AI Alignment Breakthroughs this Week (10/15/23)

Oct 16, 2023

Before getting to this week’s Alignment Breakthroughs, I would like to address one “controversy”. If you aren’t interested in controversy, please skip down to the breakthroughs section.

Every week, I cross-post this blog on LessWrong.org, which is pretty much the most hostile audience one could find for the message “actually, we’re making routine meaningful progress on AI Alignment”. Thus far, the response has been mostly positive. The only criticism I’ve received has been that people dislike the use of the word “breakthrough”.

I generally assume that policing other people’s language is a form of wokism. When someone has no valid criticism of your argument, they instead try to control what words you can use. Engaging with these arguments is pointless. Instead, the correct response is to define how you are using a word and move on.

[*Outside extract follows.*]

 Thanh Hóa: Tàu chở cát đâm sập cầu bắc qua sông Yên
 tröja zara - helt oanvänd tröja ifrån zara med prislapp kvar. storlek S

So to be clear, when I say “alignment breakthrough”, I mean something that:

Uses a new technique
Achieves a better result than was previously possible
Is plausibly applicable to at least one AI alignment strategy

First of all, I would like to point out people claiming “actually this is incremental progress” aren’t making the point they think they are. If even major breakthroughs like solving superposition are incremental progress, that suggests that AI Alignment is easier than I expect.

However, I do think some of the criticism is valid. Namely, I have been lumping major breakthroughs in with incremental advances and calling them all “breakthroughs”. Therefore I am introducing a new rating system for each alignment breakthrough. The rating system will go from 1 star⭐ to 5 stars ⭐⭐⭐⭐⭐.

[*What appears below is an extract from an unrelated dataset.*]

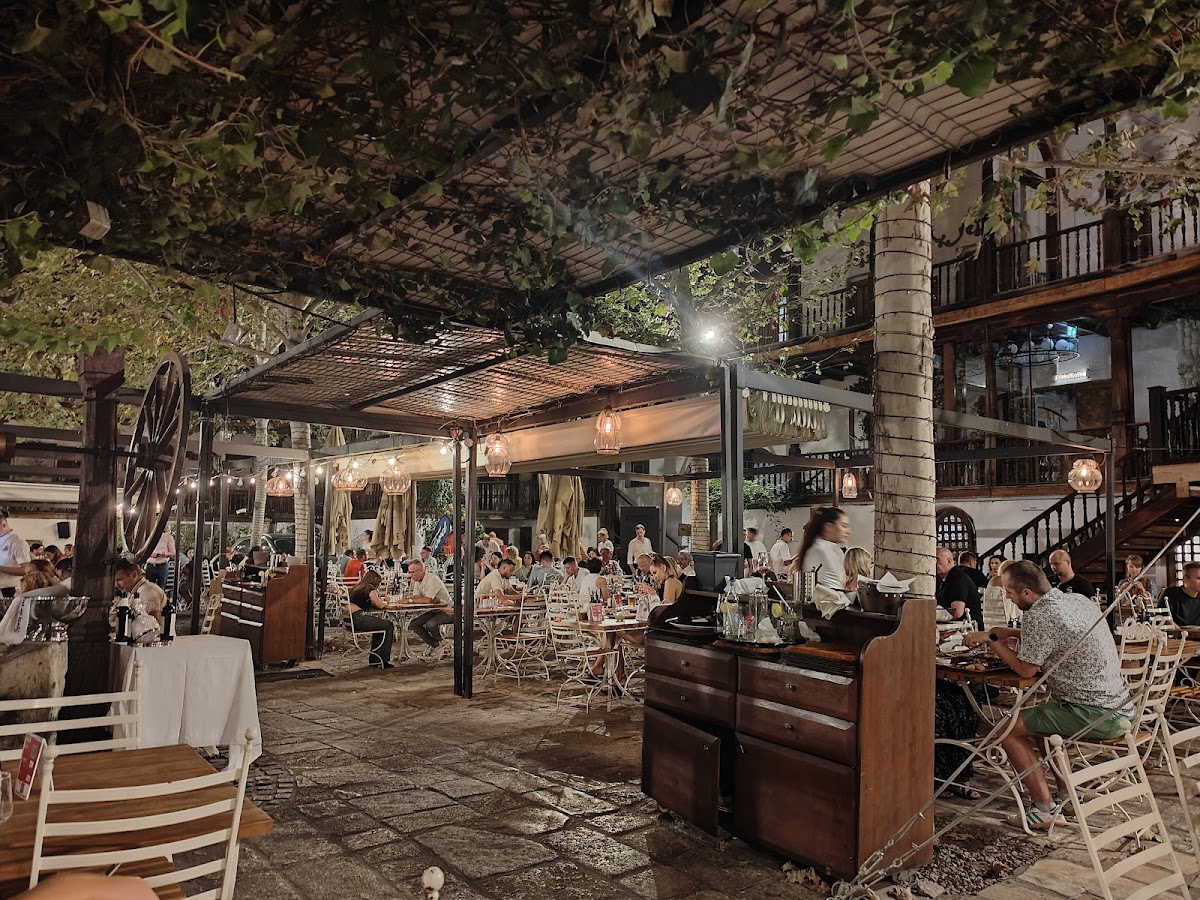 Restaurant Hanu' lui Manuc photo 10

A 1 star ⭐ “breakthrough” represents incremental progress. This means, that while technically achieving a new milestone, this breakthrough was the result of known techniques and could have been easily predicted in advance by an expert in the field. An example of something I’ve posted in the past that should be considered 1 star ⭐ is Wustchen V3. An example of a hypothetical 1 star ⭐ breakthrough would be if RLHF on GPT-5 was found to work better than RLHF on GPT-4.

A 5 star ⭐⭐⭐⭐⭐ “breakthrough” represents a discovery that solves a significant unsolved problem that was considered to be a major obstacle on at least one AI Alignment path. An example of a 5 star ⭐⭐⭐⭐⭐ breakthrough that I’ve posted in the past would be neuron superposition. An example of a hypothetical 5 star ⭐⭐⭐⭐⭐ breakthrough would be if someone were to develop a system that could translate a human-language description of a math problem into a formal mathematical proof.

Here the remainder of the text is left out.